Neue Ansätze zur Behandlung von Diabetes und Adipositas Der bewusste Blick in den Spiegel hilft bei der Gewichtsregulation
Diabetes und Adipositas treten immer häufiger auf, zunehmend auch kombiniert. Die Therapien stellen Betroffene oft vor große Herausforderungen. Diabetespatienten, die Insulin benötigen, müssen jeden Tag mehrmals Blutzucker messen, Insulinmengen berechnen und spritzen. Adipöse Menschen wiederum sind gefordert, täglich ein ausgeklügeltes Ernährungsmanagement umzusetzen, sich mehr zu bewegen und die Kalorienzufuhr zu kontrollieren.
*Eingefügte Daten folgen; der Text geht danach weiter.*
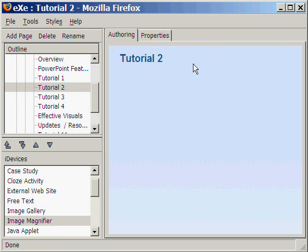Hi, for this tutorial, we will learn how to create a tutorial page with the image magnifier iDevice of Excel Learning.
„Dafür müssen Verzicht und Einschränkungen in Kauf genommen werden“, erläutert Dr. phil. Andrea Benecke. „Und das ist ein Problem“, ergänzt die Leiterin des Psychodiabetologischen Forschungs- und Behandlungsschwerpunkts der Poliklinischen Ambulanz an der Universität Mainz. „Denn die Betroffenen müssen sich jeden Tag für etwas negativ Erlebtes entscheiden. Dies entspricht nicht der menschlichen Natur, die unmittelbar positive Erfahrungen machen will.“
Erschwerend kommt hinzu, dass Blutzuckerwerte nicht hundertprozentig kontrollierbar sind. Ebenso gibt es Tage, an denen Menschen mehr wiegen, obwohl sie sich zuvor eingeschränkt haben. „Solche Erlebnisse wirken zusätzlich demotivierend, lösen Gefühle von Sinnlosigkeit, Hilflosigkeit und Versagen aus“, so Benecke. „Daraus können sich leicht Depressionen oder Angststörungen entwickeln.“ Zahlen belegen, dass Depressionen bei Diabetespatienten doppelt so häufig auftreten wie in der Allgemeinbevölkerung, Angststörungen um zwanzig Prozent erhöht sind. Angst und Depression haben zur Folge, dass sich die Blutzuckereinstellung verschlechtert oder das Gewichtsproblem verschärft.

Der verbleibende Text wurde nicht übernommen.